Image Text Extractor Project

The Image Text Extractor is a simple yet powerful web tool that allows users to upload an image containing text, and then extracts the text from that image using Optical Character Recognition (OCR) technology. This tool can be useful for digitizing printed or handwritten text from photos, making it easily accessible for editing, copying, or further processing.

Features

Upload Image: Users can upload an image containing text (e.g., screenshots, printed pages).
Text Extraction: The tool extracts the text from the uploaded image and displays it in a text box.
Copy Functionality: A "Copy Text" button allows users to easily copy the extracted text to their clipboard.

How It Works

User Uploads an Image: The user selects an image file using the upload form.
Image Processing: The image is sent to the server, where it is processed by Python's Tesseract OCR library to extract the text.
Display Result: The extracted text is sent back to the client and displayed in a text box, where the user can copy it if desired.

Project Example

Extracted Text Example:

Key Code Blocks

HTML Form for Image Upload

<form id="uploadForm" method="post" enctype="multipart/form-data" action="/upload">
    <div class="mb-3">
        <label for="imageInput" class="form-label">Select Image File:</label>
        <input type="file" class="form-control" id="imageInput" name="image" accept="image/*" required>
    </div>
    <button type="submit" class="btn btn-primary">Extract Text</button>
</form>

This form allows the user to upload an image file.
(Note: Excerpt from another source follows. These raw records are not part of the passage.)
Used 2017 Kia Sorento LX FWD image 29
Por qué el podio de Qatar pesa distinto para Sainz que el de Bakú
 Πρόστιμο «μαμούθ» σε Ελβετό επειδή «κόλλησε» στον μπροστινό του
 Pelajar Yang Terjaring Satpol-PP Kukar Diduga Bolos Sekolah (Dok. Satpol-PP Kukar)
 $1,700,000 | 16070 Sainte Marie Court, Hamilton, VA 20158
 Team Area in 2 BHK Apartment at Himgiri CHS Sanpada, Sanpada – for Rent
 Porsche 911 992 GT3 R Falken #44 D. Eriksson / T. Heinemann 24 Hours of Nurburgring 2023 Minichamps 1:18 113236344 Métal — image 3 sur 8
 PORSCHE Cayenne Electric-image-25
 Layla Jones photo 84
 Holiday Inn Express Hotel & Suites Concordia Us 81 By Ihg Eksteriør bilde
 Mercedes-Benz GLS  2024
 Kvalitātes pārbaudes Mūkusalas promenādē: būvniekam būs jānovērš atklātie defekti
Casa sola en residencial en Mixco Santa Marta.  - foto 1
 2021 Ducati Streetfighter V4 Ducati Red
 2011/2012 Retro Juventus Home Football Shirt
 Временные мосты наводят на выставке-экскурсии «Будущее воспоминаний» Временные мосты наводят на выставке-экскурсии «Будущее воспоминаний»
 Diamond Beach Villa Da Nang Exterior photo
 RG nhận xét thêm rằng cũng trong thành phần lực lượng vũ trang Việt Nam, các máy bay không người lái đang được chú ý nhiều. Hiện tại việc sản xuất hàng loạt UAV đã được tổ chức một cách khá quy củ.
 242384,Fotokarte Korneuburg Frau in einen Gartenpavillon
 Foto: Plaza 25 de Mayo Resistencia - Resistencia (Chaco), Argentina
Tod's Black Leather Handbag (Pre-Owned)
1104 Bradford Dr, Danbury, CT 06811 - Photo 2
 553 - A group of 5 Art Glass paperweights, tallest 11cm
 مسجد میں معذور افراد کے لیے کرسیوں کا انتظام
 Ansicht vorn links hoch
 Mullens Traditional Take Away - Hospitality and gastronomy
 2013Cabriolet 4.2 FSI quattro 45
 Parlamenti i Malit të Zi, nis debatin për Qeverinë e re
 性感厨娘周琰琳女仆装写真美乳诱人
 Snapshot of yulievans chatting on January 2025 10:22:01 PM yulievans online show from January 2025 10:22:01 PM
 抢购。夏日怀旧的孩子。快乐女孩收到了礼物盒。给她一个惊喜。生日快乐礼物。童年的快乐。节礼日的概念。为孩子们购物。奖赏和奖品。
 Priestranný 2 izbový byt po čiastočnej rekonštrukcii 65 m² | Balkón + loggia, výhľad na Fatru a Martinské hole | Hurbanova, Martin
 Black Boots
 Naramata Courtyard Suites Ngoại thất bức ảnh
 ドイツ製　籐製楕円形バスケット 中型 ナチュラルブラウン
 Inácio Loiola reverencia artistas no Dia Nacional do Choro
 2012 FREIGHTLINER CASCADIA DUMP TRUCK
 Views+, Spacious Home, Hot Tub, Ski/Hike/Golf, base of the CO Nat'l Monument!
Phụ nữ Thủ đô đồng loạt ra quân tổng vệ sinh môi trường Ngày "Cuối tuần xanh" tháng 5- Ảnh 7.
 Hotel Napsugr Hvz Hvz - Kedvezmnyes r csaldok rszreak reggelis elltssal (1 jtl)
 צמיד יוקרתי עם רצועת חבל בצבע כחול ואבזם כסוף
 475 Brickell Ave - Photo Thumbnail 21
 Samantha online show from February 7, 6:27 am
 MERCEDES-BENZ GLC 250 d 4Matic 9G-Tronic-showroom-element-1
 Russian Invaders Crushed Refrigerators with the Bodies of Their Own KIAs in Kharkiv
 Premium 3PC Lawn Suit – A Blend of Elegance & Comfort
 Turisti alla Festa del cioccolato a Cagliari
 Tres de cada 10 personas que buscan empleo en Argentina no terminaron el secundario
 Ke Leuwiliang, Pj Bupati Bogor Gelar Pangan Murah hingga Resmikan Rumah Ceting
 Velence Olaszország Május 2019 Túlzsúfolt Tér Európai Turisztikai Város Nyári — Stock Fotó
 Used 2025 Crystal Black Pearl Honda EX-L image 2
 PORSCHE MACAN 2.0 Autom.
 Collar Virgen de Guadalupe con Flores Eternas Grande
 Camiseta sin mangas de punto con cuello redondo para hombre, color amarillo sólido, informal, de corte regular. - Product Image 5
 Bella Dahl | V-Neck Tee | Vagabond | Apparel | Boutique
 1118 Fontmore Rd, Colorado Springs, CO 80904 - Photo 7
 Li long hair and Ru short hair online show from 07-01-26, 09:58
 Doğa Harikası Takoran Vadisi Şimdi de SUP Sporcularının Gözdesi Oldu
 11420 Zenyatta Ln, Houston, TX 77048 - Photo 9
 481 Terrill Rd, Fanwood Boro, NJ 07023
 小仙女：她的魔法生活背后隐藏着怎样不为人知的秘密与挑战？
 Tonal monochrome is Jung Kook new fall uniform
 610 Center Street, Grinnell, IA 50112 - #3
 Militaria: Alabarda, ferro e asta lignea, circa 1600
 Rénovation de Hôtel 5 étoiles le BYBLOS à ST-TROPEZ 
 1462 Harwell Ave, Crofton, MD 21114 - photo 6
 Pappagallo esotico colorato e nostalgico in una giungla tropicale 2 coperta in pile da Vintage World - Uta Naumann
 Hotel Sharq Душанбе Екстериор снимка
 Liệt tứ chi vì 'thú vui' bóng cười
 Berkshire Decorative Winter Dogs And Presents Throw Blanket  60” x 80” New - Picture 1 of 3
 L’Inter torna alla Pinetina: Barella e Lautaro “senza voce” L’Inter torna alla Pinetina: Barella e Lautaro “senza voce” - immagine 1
The image is then sent to the server for text extraction.

Python Flask Backend

@app.route('/upload', methods=['POST'])
def upload():
    if 'image' not in request.files:
        return jsonify({'error': 'No file part'}), 400

    file = request.files['image']
    if file.filename == '':
        return jsonify({'error': 'No selected file'}), 400

    try:
        # Save the uploaded image to a temporary file
        image_path = os.path.join('uploads', file.filename)
        file.save(image_path)

        # Perform OCR on the saved image
        image = Image.open(image_path)
        text = pytesseract.image_to_string(image)

        # Clean up the temporary file
        os.remove(image_path)

        return jsonify({'text': text})
    except Exception as e:
        return jsonify({'error': str(e)}), 500

This code handles the image upload, saves it temporarily, processes it with Tesseract to extract text, and returns the result.